- Problem -
The entries below contain pictures, which are to be left out; write out exactly, and only, the lines from the line with "Antenna super auto vintage" up to and including the line with "Load image into".

- The data -
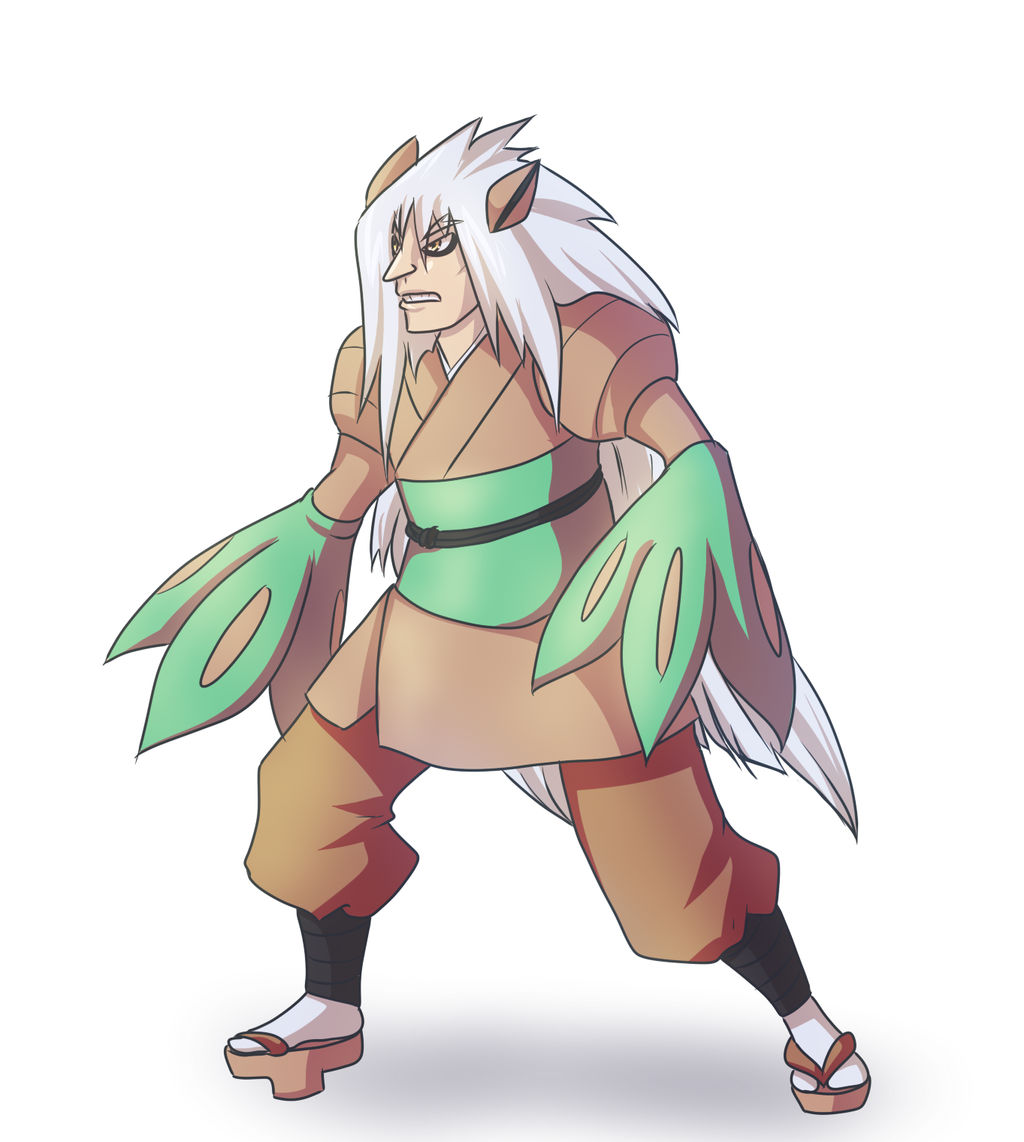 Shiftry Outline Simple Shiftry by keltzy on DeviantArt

==

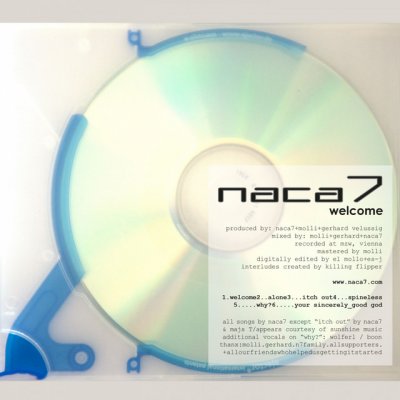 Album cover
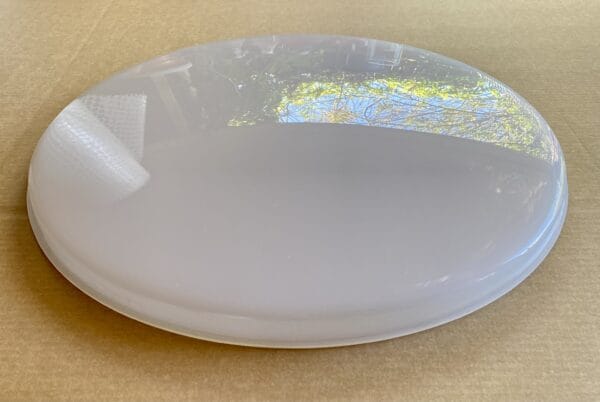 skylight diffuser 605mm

* * *

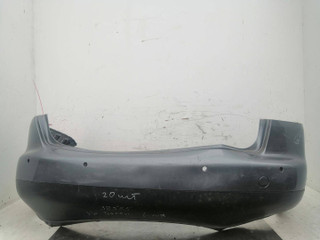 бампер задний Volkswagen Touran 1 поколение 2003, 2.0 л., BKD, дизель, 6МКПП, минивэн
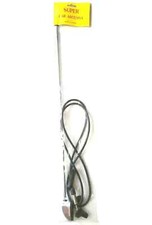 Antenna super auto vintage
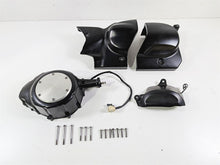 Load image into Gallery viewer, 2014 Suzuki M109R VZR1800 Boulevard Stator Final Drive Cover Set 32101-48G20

- Answer box -
 Antenna super auto vintage
 Load image into Gallery viewer, 2014 Suzuki M109R VZR1800 Boulevard Stator Final Drive Cover Set 32101-48G20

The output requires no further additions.